Let's talk about the cardiac depressants like
the calcium channel blockers.
I'm going to use two prototypical calcium channel blockers,
one from each class and explain how they work
First, there is verapamil, which is a
non-dihydropyridine calcium channel blocker.
And there is nifedipine, which is a
dihydropyridine calcium channel blocker.
Now, the nifedipine will block L-type calcium channels.
In the case of nifedipine, it causes vasodilation peripherally.
And the case of verapamil, it causes vasodilation peripherally
as well as cardiac suppression in the way that the heart is beating.
So, there is less inotropy and less chronotropy.
Now, side effects of these particular agents are constipation,
pretibial edema, nausea, flushing and dizziness.
Toxicity includes AV block. So, you can have
sinus node depression, AV block,
and this is usually from verapamil which
has the most activity at the heart.
Other cardiac depressants can be beta blockers.
So, you talk about propranolol as the prototypical drug.
And I've already mentioned beta blockers
multiple times in previous lectures.
Beta blockers reduce heart rate, cardiac force and blood
pressure, and it's used in prevention only of angina.

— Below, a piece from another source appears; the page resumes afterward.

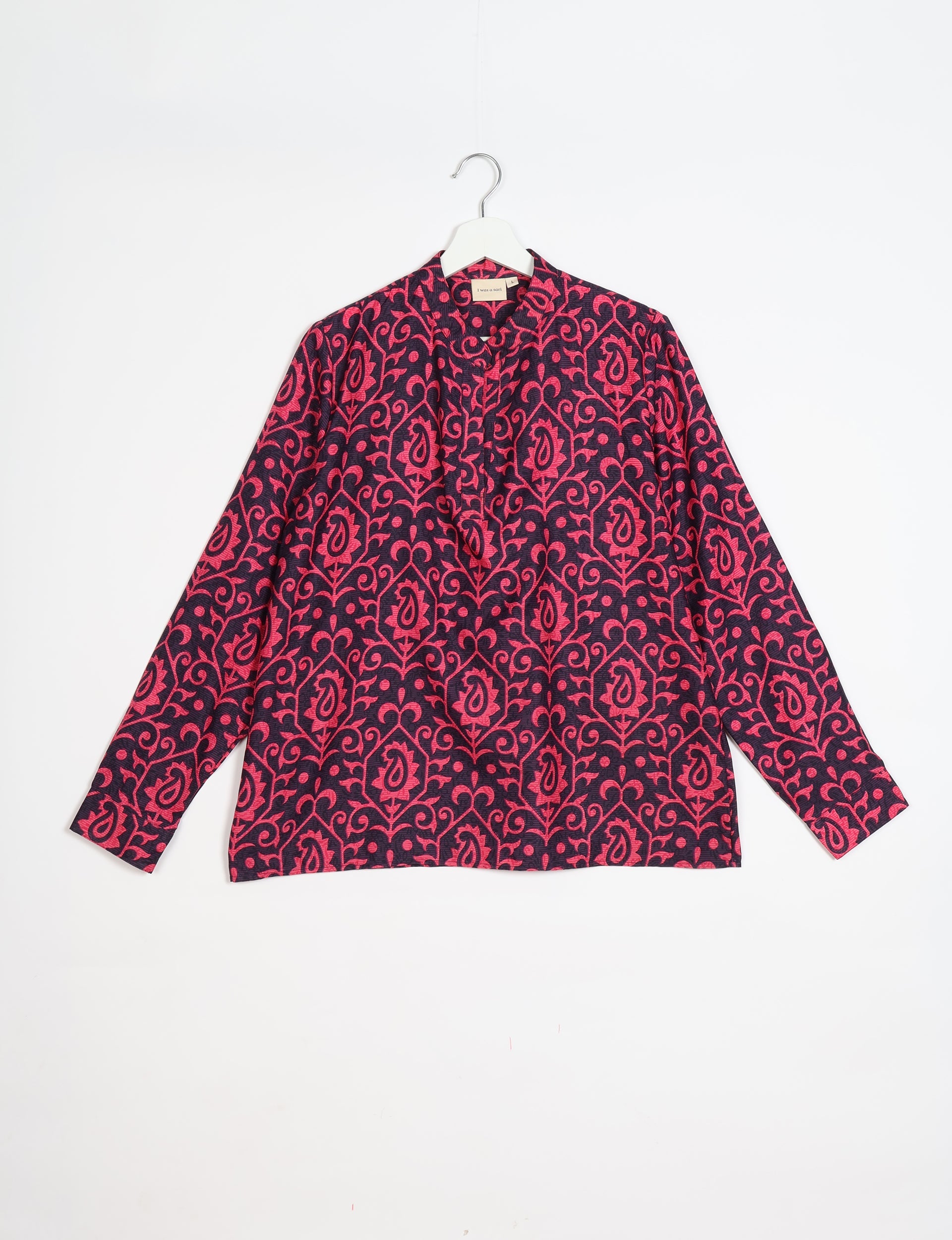 Women's Day Blouse Size L 29 - Stylish Casual Top for Work, Office & Everyday Wear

It is not for treating acute angina attacks. Remember that
vasospastic forms of angina do not respond well to beta blockers.

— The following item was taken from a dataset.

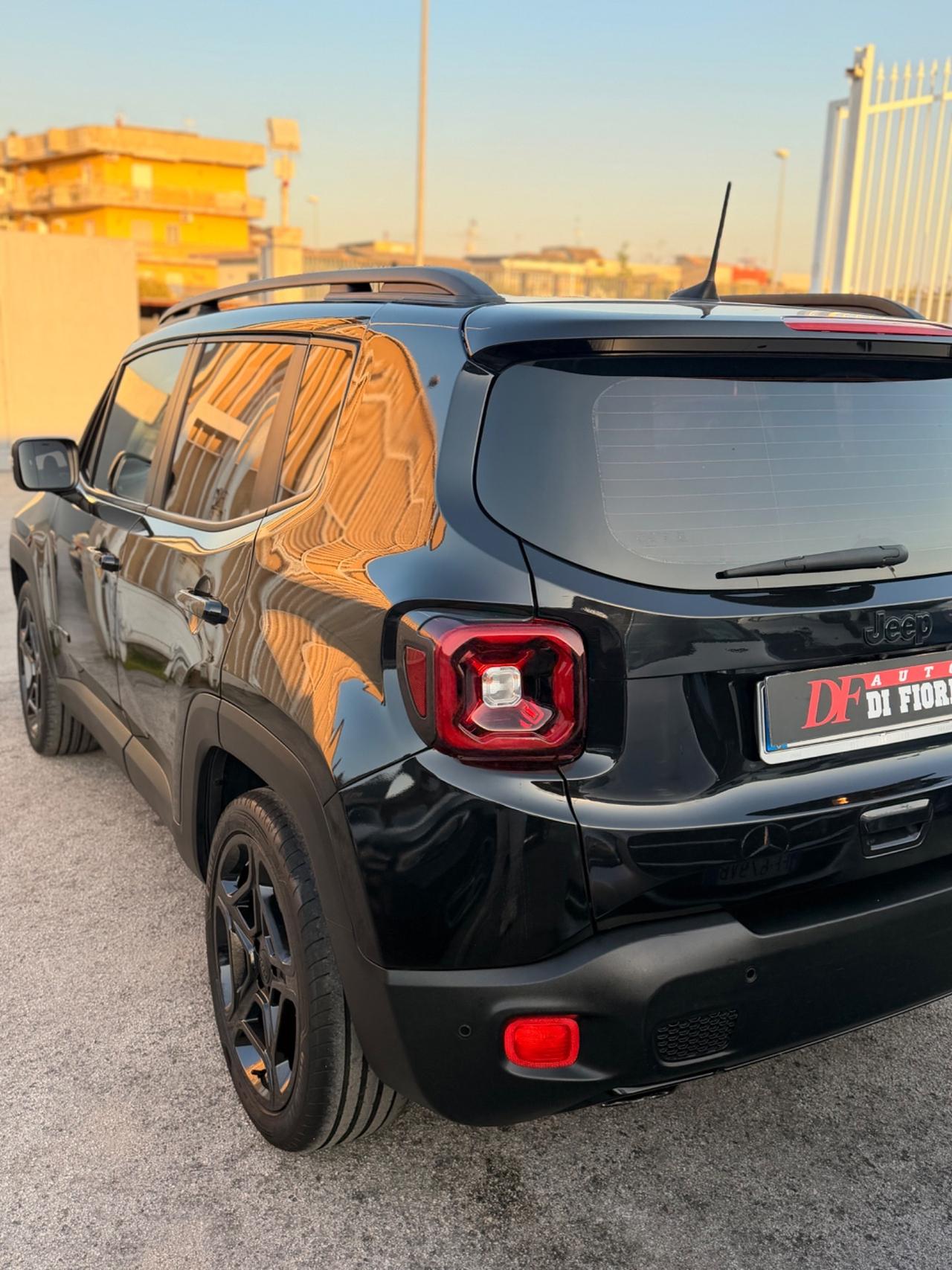 Jeep Renegade 1.6 Mjt DDCT 120CV Night Eagle FULL LED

What beta blockers do is just reduce the oxygen demand
that the heart is asking for.
Let's talk about metabolic rate modifiers.

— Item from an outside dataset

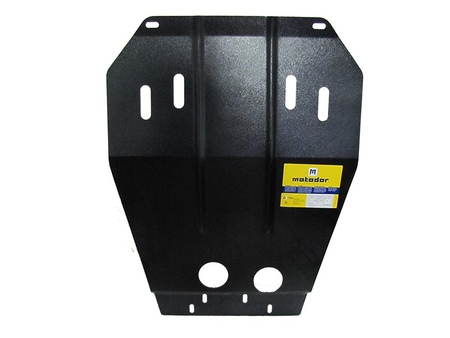 Защита картера (сталь) Motodor Opel Omega  (1984-2004) 01512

These are relatively new agents.
They are partial fatty acid oxidase inhibitors,
or pFOX inhibitors.
This increase the efficiency of oxygen utilization
by the myocardium.
It shifts the energy production
from fatty acids to glucose.
It may also have an effect on slow sodium channels
in the heart, we are not entirely sure,
but we do see a reduced heart rate, reduced contractile
force, and we think, and in some studies it had shown
that we have less intracellular calcium,
which is why we think it may work on calcium channels.